Hinzu kämen der Mangel an Neufahrzeugen und ein hoch angespannter Gebrauchtwagenmarkt mit steigenden Preisen. „Was wir jetzt benötigen, ist entschlossenes politisches Handeln im Sinn der Menschen und des Wirtschaftsmotors Mittelstand. Was wir jedoch gar nicht gebrauchen können ist politischer Aktionismus, wie etwa Sonntagsfahrverbote oder Tempolimits. Das spräche alle jenen Menschen Hohn, die auf ihr Auto angewiesen sind.“ Karpinski reagiert damit auch die Forderung von Greenpeace angesichts der brisanten Lage wieder Sonntagsfahrverbote einzuführen, um Energie einzuparen oder auch Empfehlungen, Tempolimits einzuführen, um Kraftstoff zu sparen.

Keinen Sprit-Lockdown durch Fahrverbote

Von solchen Maßnahmen wären laut Karpinski rund 60 Prozent der Deutschen, die in ländlichen Räumen leben. „Gerade auch für diese Menschen ist die individuelle Mobilität lebensnotwendig und muss bezahlbar bleiben“, so der ZDK-Präsident.

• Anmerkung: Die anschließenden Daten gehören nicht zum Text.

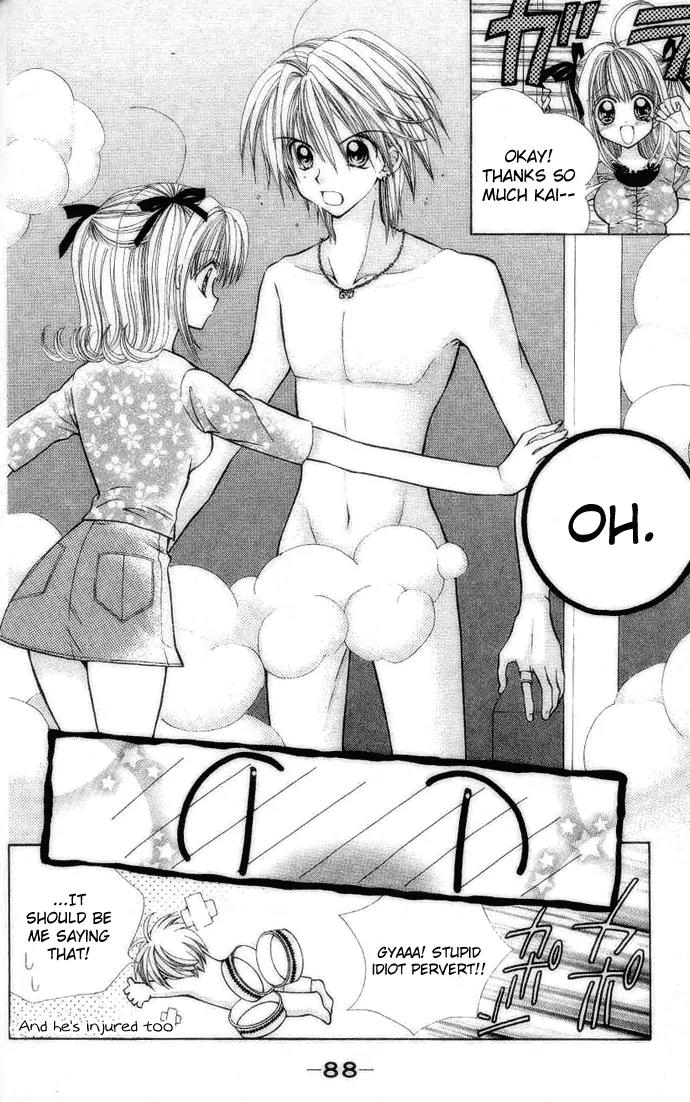 Mermaid Melody Pichi Pichi Pitch Chapter 13 page 18 - Chapter 13
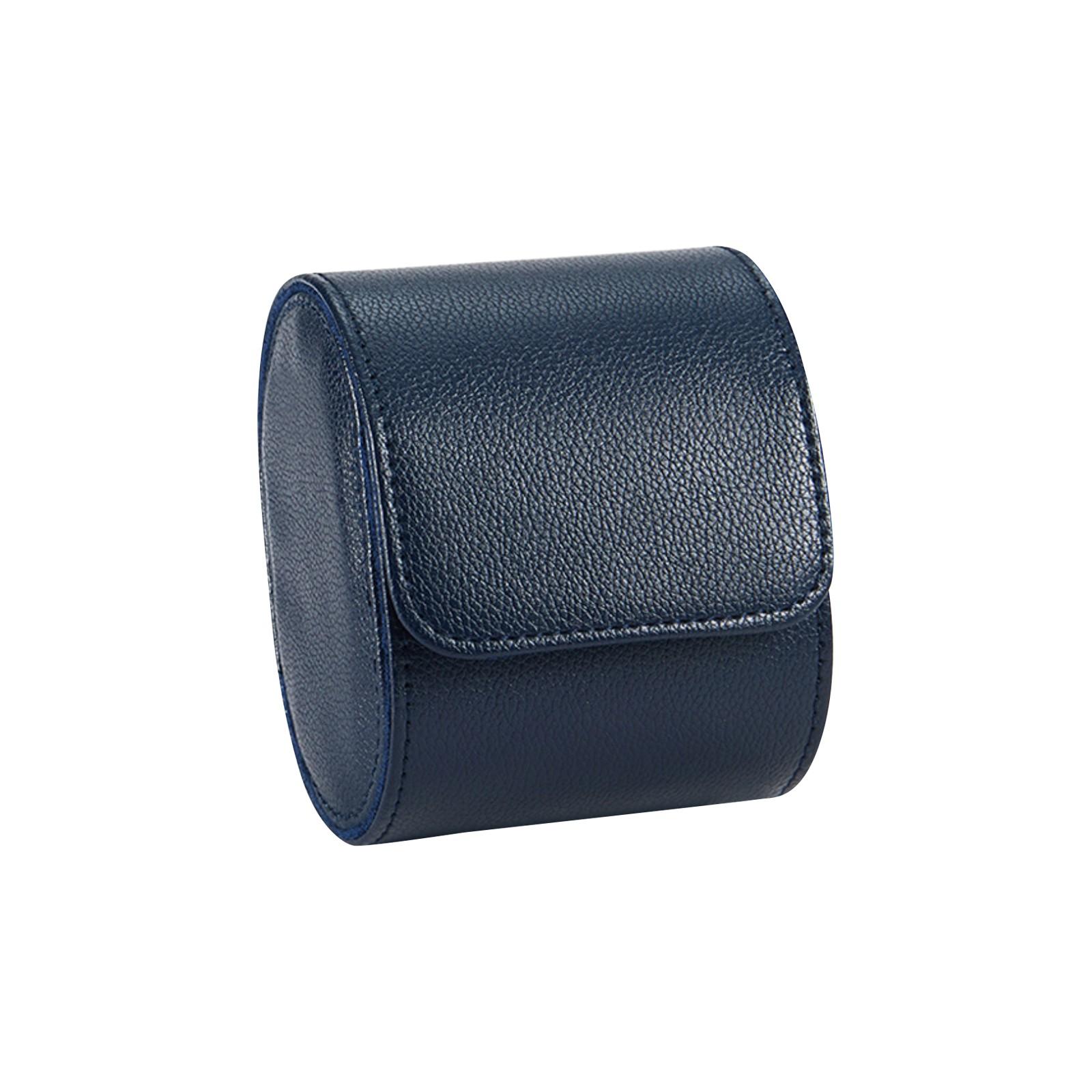 

Мужская шкатулка для хранения часов, 1/2/3 слота, дорожная шкатулка для часов, подарочная коробка, подарок на День святого Валентина One Size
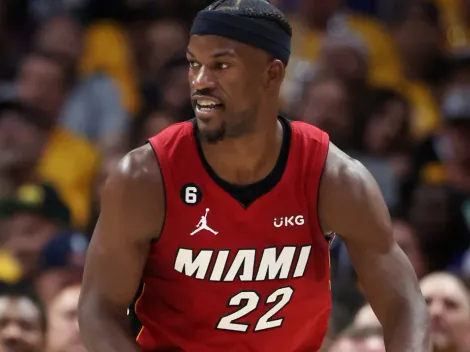 Jimmy Butler delivers big message for Heat players after dreadful Game 1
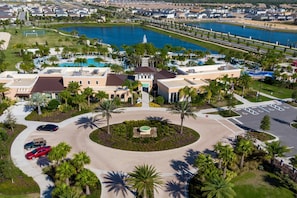 Exterior - Last Minute Disney! Private Pool, Hot Tub, Game Room & Themed Bedrooms. Book Now! #70069 (Orlando)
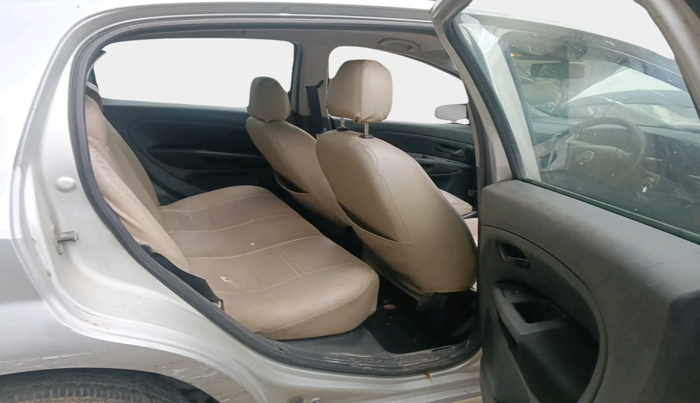 2010 Fiat Grand Punto ACTIVE 1.2, Petrol, Manual, 90,098 km, interior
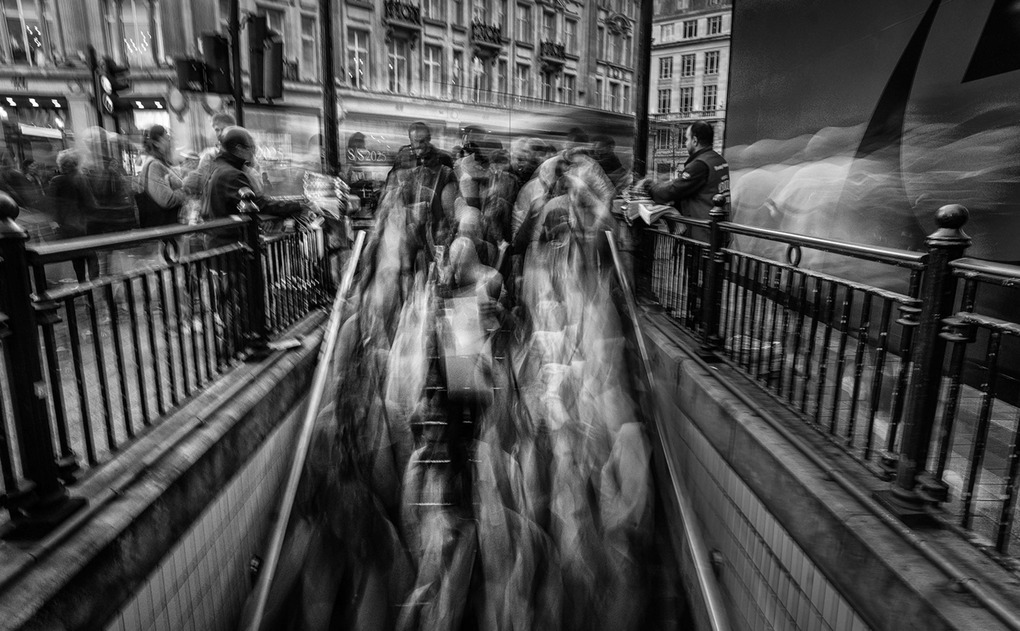 Weitere Ansicht: London in Frames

So sieht es auch das Kfz-Gewerbe Baden-Württemberg. „Ein Sonntagsfahrverbot wäre nichts anderes als ein Sprit-Lockdown und diese umfassende Einschränkung der Grundrechte ist aus unserer Sicht rechtlich nicht durchsetzbar“, sagt Carsten Beuß, der Hauptgeschäftsführer Landesverbands.

Der hohe Spritpreis begründe weder einen Eingriff in die individuelle Mobilität, noch einen in

die Geschäfte der Tankstellen, sprich einen Tankstellen-Lockdown an Sonntagen.

Erst am Mittwoch hatte die Bundesregierung beschlossen, dass Verbraucher und Firmen ab Juli keine EEG-Umlage zahlen sollen, damit so zumindest die ebenfalls stark steigenden Stromkosten etwas gesenkt werden. Die Umlage zur Förderung von Ökostrom soll dann aus dem Bundeshaushalt gezahlt werden. Die Stromanbieter werden verpflichtet, diese Entlastung zu 100 Prozent an ihre Kunden weiterzugeben.